[Short web captions]
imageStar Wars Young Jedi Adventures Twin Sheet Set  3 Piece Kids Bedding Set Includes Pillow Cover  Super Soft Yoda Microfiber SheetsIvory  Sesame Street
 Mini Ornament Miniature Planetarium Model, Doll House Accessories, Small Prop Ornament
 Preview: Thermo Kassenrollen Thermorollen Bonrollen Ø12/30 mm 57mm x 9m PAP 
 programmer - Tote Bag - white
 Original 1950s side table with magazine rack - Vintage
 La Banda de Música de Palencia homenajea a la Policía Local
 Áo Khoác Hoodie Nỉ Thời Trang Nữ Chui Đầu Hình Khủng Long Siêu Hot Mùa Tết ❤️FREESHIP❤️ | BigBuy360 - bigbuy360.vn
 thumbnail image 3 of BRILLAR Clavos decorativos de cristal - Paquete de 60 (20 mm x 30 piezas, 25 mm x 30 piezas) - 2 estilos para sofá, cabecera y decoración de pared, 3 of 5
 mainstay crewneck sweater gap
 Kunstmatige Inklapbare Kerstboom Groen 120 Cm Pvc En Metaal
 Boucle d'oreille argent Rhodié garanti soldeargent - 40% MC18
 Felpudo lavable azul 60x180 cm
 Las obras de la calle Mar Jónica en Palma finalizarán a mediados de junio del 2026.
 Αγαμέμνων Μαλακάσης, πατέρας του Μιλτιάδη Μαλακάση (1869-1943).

→ TASK DETAILS:
The first line of the records begins the span, and the line containing "mainstay crewneck sweater gap" ends it. Reproduce that span exactly, both ends included.

→ SOLUTION TO THIS TASK:
imageStar Wars Young Jedi Adventures Twin Sheet Set  3 Piece Kids Bedding Set Includes Pillow Cover  Super Soft Yoda Microfiber SheetsIvory  Sesame Street
 Mini Ornament Miniature Planetarium Model, Doll House Accessories, Small Prop Ornament
 Preview: Thermo Kassenrollen Thermorollen Bonrollen Ø12/30 mm 57mm x 9m PAP 
 programmer - Tote Bag - white
 Original 1950s side table with magazine rack - Vintage
 La Banda de Música de Palencia homenajea a la Policía Local
 Áo Khoác Hoodie Nỉ Thời Trang Nữ Chui Đầu Hình Khủng Long Siêu Hot Mùa Tết ❤️FREESHIP❤️ | BigBuy360 - bigbuy360.vn
 thumbnail image 3 of BRILLAR Clavos decorativos de cristal - Paquete de 60 (20 mm x 30 piezas, 25 mm x 30 piezas) - 2 estilos para sofá, cabecera y decoración de pared, 3 of 5
 mainstay crewneck sweater gap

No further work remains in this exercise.